[Input]:
######
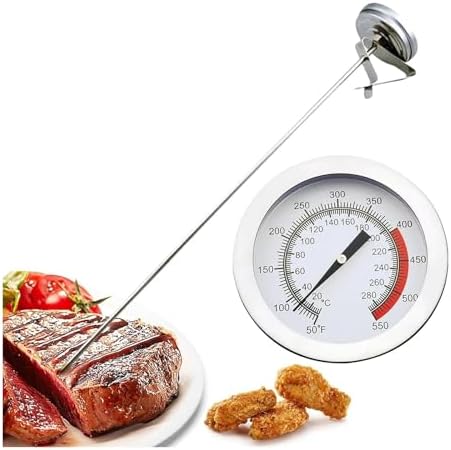 Kitchen Thermometer with Pot Clip, Instant Read Meat, Long Probe Dial for Cooking,Candy Making, Deep Fry - Image 3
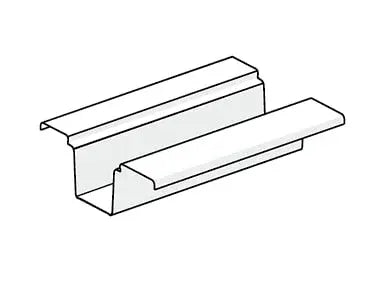 James Hardie 305948 ExoTec Top Hat 6m Long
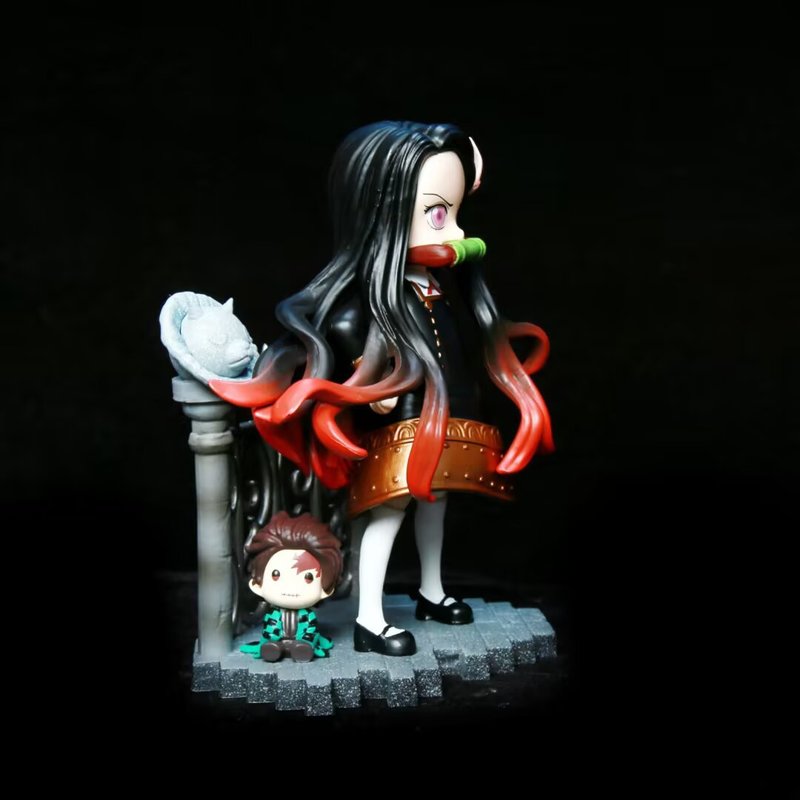 Mini Figura de Ação Anime Demo - Home Decor Unique Items avaliação e preço
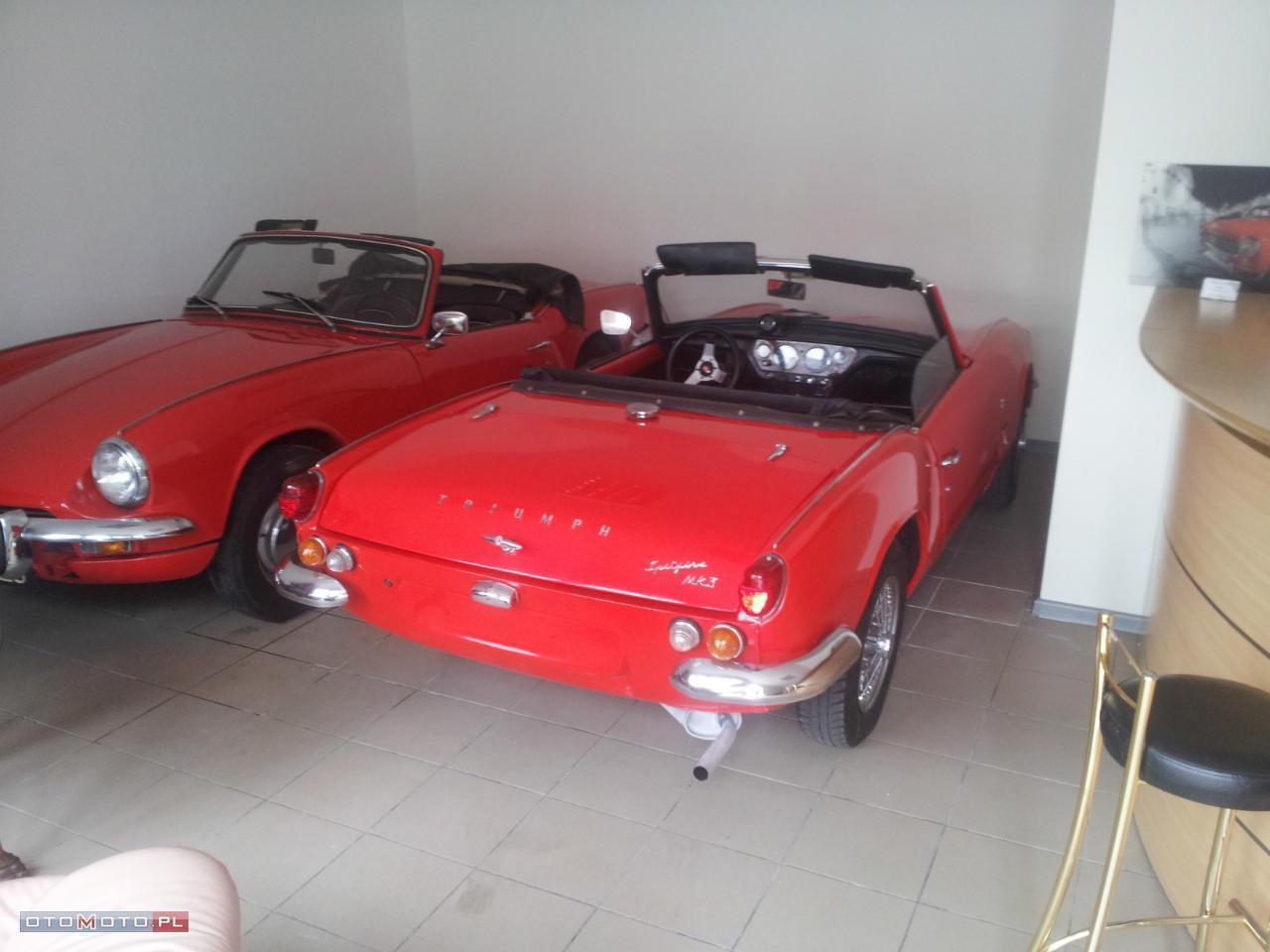 Triumph Spitfire MK3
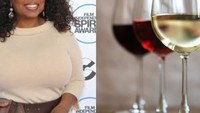 Oprah Winfrey punya kebiasaan unik sebelum tidur. Ia meneguk tiga gelas wine dan satu buah udang plus sayuran. Menurutnya, keduanya sangat pas untuk dijadikan makan malam. Foto: Istimewa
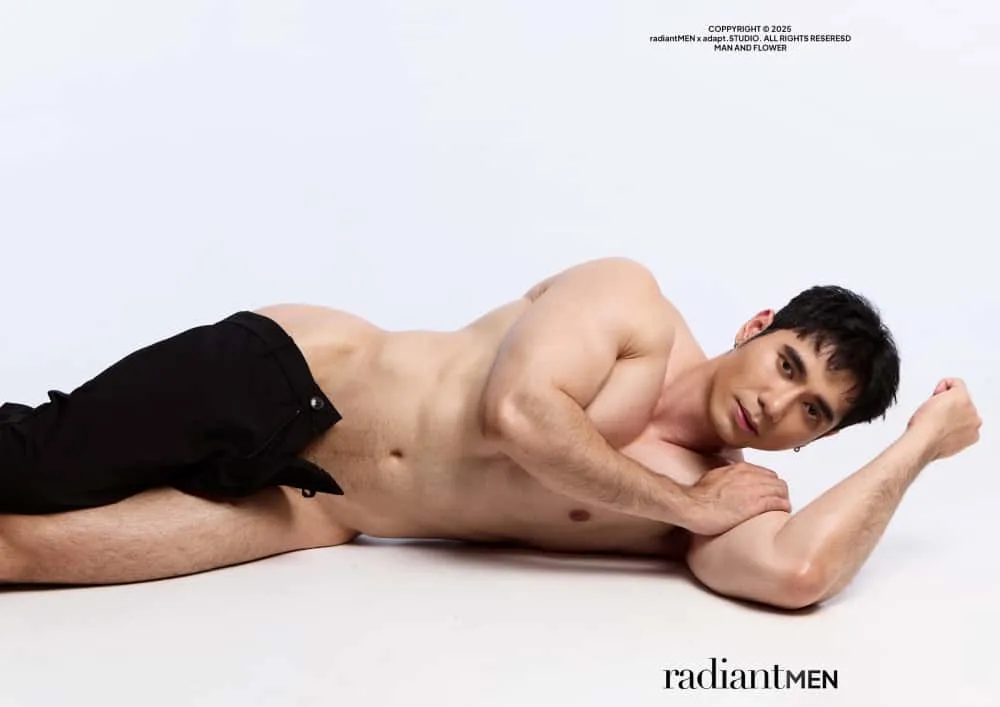 radiantMEN ISSUE02 – PURE PEERAWAT[Photo+Video 19+]-MANIMG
######
[What this task involves]:
Once the pictures are removed, print all the remaining data exactly as it stands.

[Response to the task]:
 Kitchen Thermometer with Pot Clip, Instant Read Meat, Long Probe Dial for Cooking,Candy Making, Deep Fry - Image 3
 James Hardie 305948 ExoTec Top Hat 6m Long
 Mini Figura de Ação Anime Demo - Home Decor Unique Items avaliação e preço
 Triumph Spitfire MK3
 Oprah Winfrey punya kebiasaan unik sebelum tidur. Ia meneguk tiga gelas wine dan satu buah udang plus sayuran. Menurutnya, keduanya sangat pas untuk dijadikan makan malam. Foto: Istimewa
 radiantMEN ISSUE02 – PURE PEERAWAT[Photo+Video 19+]-MANIMG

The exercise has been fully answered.